In a van without a plan, two set out for Olympics
February 13, 2002
SALT LAKE CITY – Indecision can lead either to complacency, then full-blown neglect or, as in our case, last-minute corrective action.
With three Aspenites on deck to compete in the Olympics this week – beginning today with Casey Puckett of Old Snowmass in the men’s combined at Snowbasin – The Aspen Times had to be there. That was our thinking anyway. And yet, even as photographer Jacob Ware and I set out from Aspen yesterday afternoon in a rental van – which may well serve as our accommodations through Sunday – we’re not sure that we’ll actually make it “there.”

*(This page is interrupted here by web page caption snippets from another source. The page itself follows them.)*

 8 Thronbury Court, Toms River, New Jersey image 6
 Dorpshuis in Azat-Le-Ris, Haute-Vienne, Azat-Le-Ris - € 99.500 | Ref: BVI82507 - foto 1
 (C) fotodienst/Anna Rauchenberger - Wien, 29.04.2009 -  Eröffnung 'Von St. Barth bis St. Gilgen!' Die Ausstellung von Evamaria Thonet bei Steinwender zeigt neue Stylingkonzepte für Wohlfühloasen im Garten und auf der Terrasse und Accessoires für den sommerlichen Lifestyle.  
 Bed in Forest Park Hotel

Sure, we arrived in Salt Lake about 8:30 last night, but getting to the events, and more importantly into them somehow, is another matter entirely. The Salt Lake Olympic Committee stopped issuing media credentials in June 2000, a date that passed The Times by without notice (perhaps in a Food and Wine Classic stupor).

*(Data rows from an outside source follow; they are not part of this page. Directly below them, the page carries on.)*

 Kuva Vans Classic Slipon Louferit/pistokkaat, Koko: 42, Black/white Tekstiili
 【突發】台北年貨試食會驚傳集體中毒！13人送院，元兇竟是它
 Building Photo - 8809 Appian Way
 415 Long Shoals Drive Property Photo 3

Last week, we resolved to “cover” the Olympics from Aspen, meaning with phone call follow-ups with the local athletes coupled with wire reports. But when the games kicked off with Aspen snowboarder Chris Klug carrying the tattered World Trade Center flag at the opening ceremonies, accompanied by seven other athletes, that plan began looking glaringly inadequate.
“I need a photographer, a cell phone, a stack of cash and a car,” I told the managing editor in a frenzy last Friday. “We’ll figure out the rest.”
With the promise of receipts and thorough accounting, the editors provided the stack of cash, and Jacob, a veteran of Olympic commando-coverage, as we’re calling it, agreed to join in this week. He’s also got the all-important cell phone.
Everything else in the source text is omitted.